▶ Task instructions: Shown below are entries with pictures; the line with "Pendiente aro con estrella colgante de plata" through the line with "Silicone Faucet Water" is the span to retype exactly, and the pictures stay out.

▶ Record extracts:
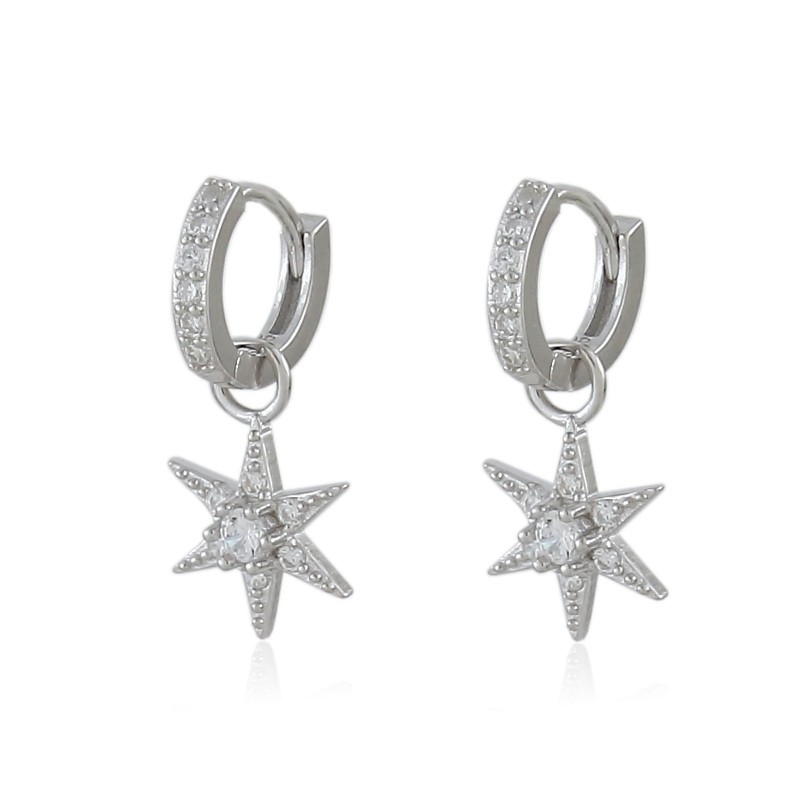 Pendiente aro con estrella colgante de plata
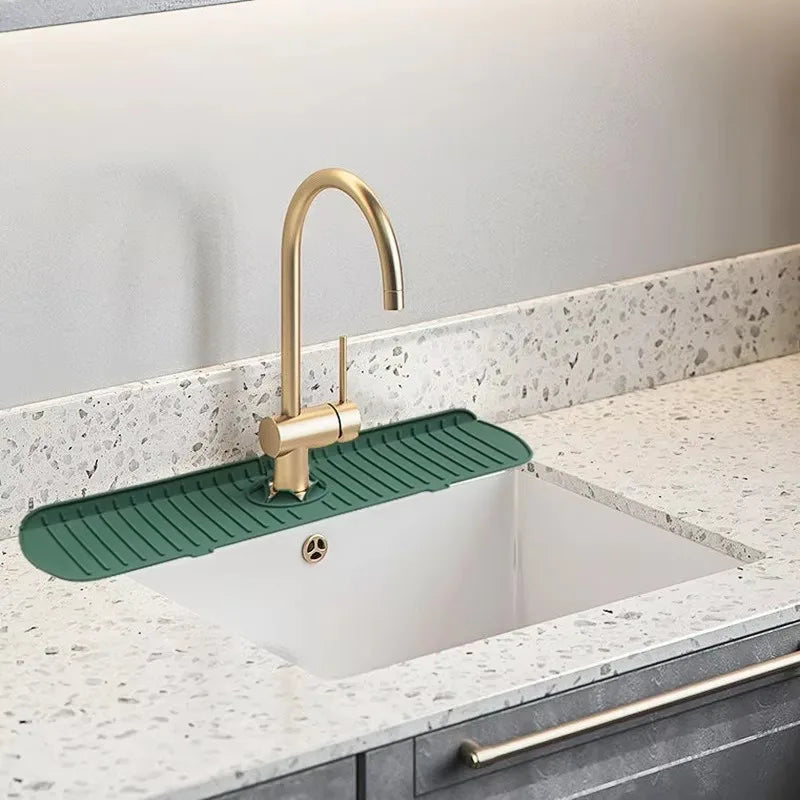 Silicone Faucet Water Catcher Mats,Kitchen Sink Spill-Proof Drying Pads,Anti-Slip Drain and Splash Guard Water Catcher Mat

==

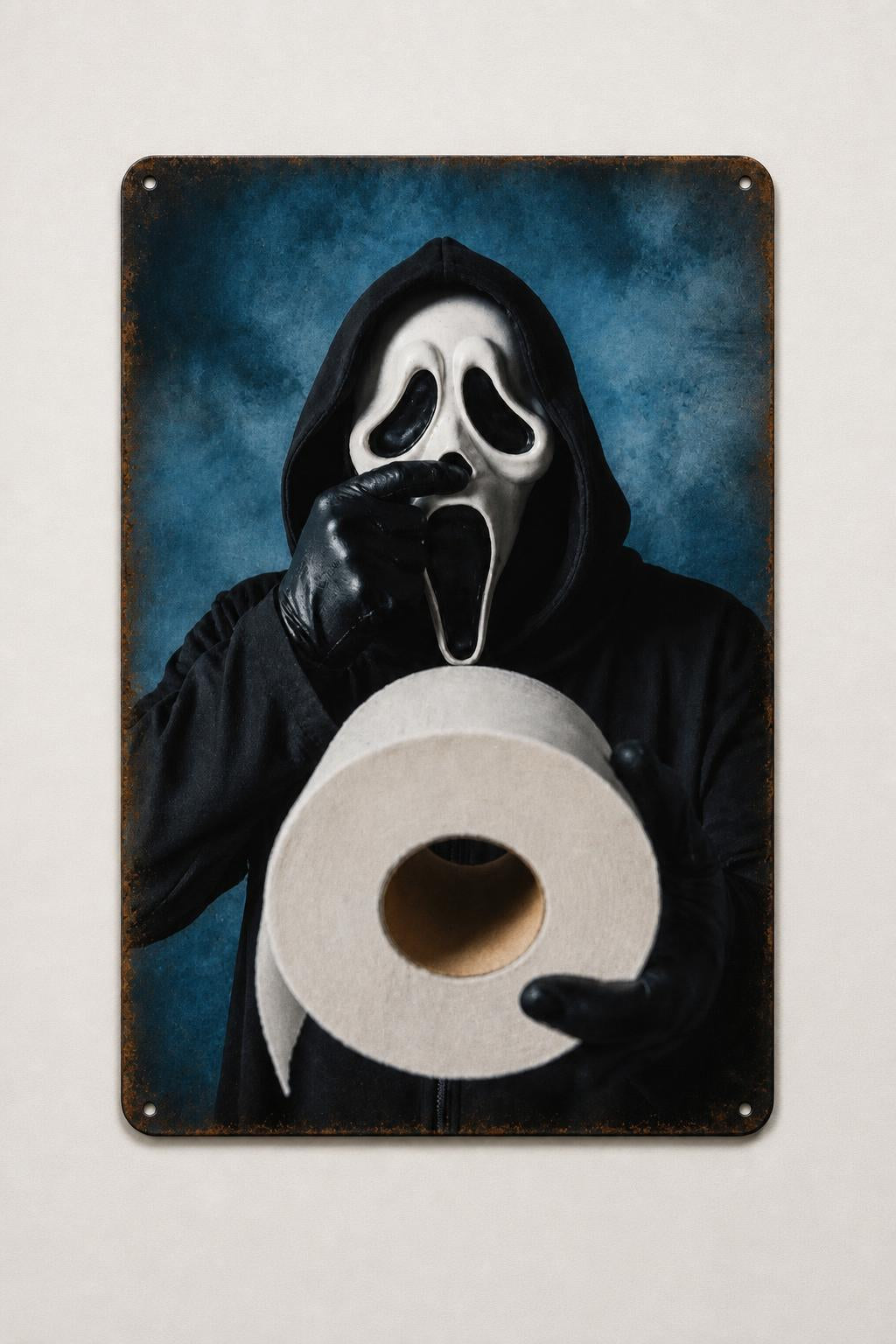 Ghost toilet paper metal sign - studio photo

▶ Reply to the exercise:
 Pendiente aro con estrella colgante de plata
 Silicone Faucet Water Catcher Mats,Kitchen Sink Spill-Proof Drying Pads,Anti-Slip Drain and Splash Guard Water Catcher Mat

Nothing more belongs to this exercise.